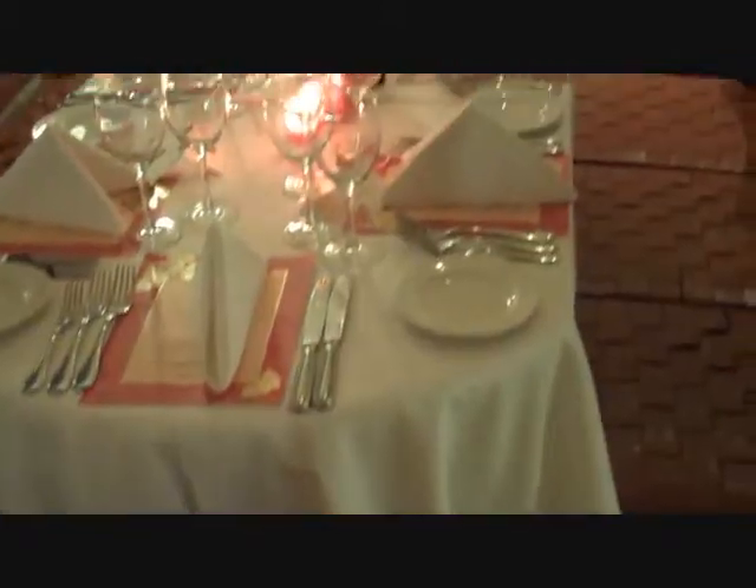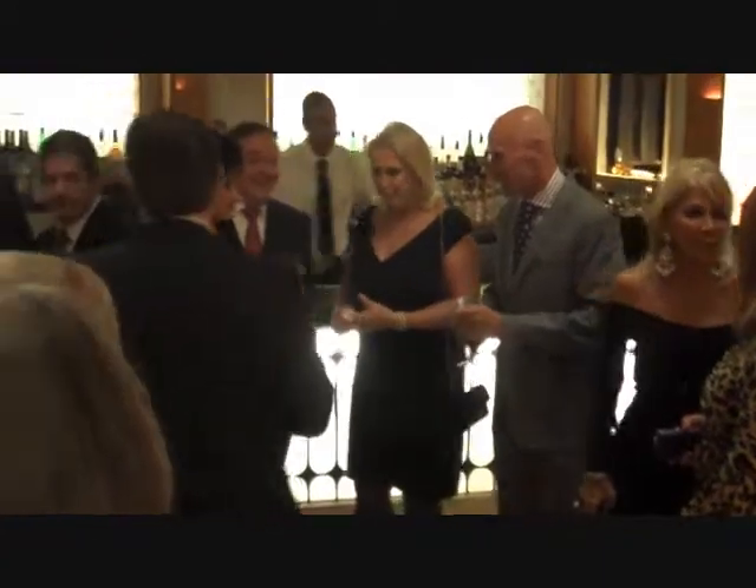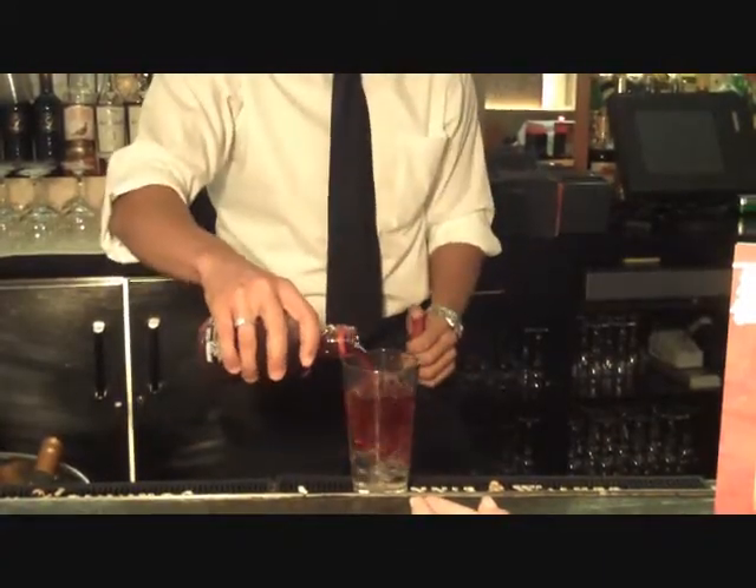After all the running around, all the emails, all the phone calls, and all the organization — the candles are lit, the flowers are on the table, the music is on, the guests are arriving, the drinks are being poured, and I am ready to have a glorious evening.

...

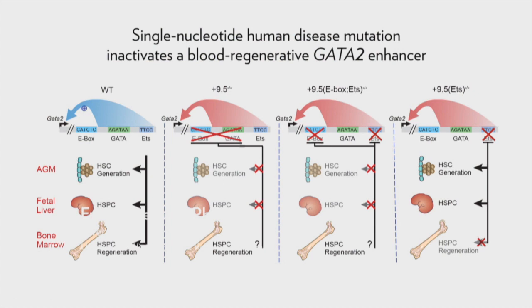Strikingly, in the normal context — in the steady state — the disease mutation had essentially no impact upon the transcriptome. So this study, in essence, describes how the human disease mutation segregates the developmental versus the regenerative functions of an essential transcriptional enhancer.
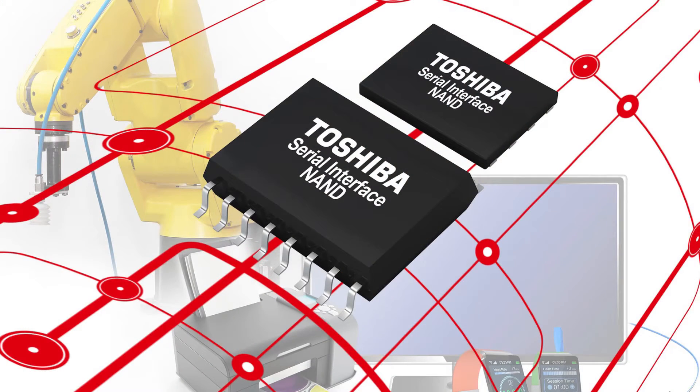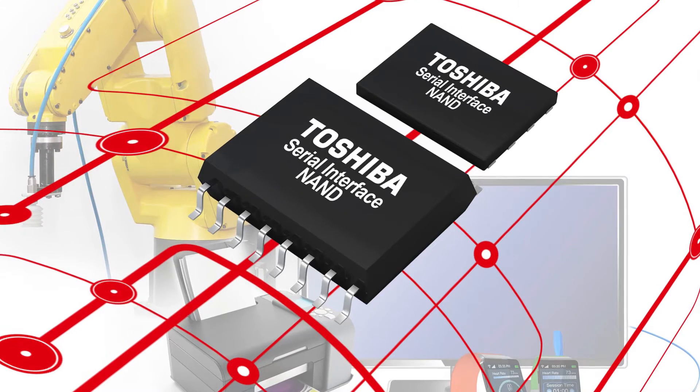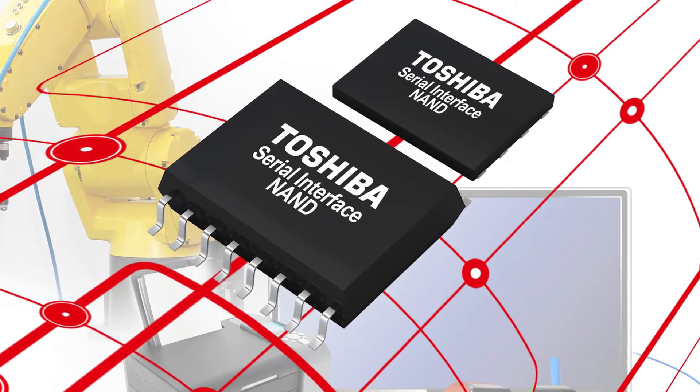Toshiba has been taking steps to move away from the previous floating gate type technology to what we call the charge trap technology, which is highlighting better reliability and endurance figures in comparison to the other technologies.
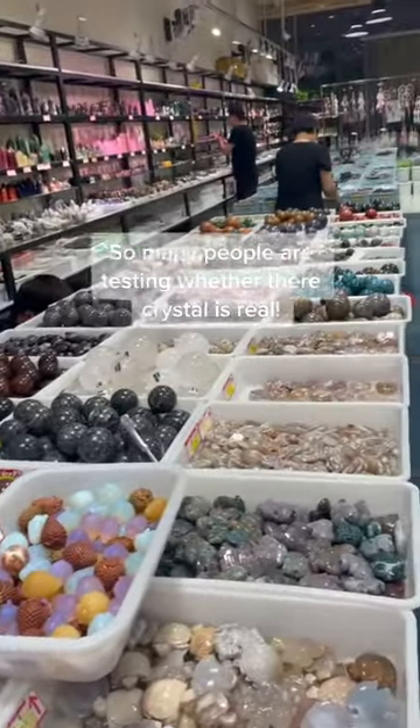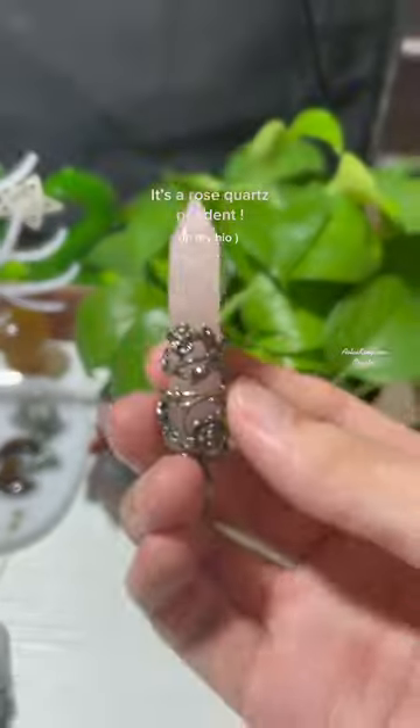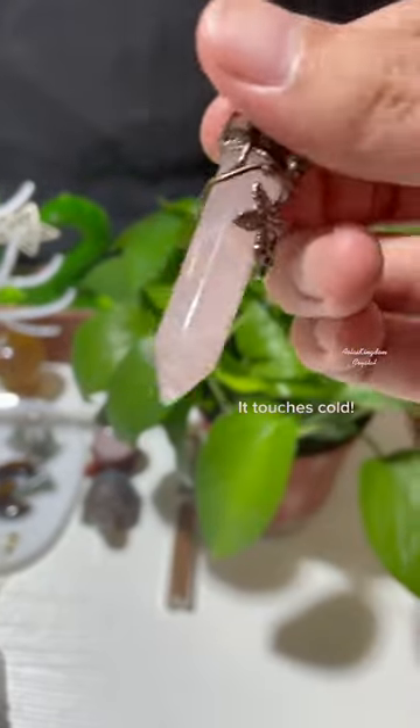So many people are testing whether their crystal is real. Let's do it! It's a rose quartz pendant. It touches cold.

- _What you will do_
With the pictures left out, write out exactly the lines above from the one containing "Toshiba has been" through the one containing "So many people".

- _Your response_
Toshiba has been taking steps to move away from the previous floating gate type technology to what we call the charge trap technology, which is highlighting better reliability and endurance figures in comparison to the other technologies.
So many people are testing whether their crystal is real. Let's do it! It's a rose quartz pendant. It touches cold.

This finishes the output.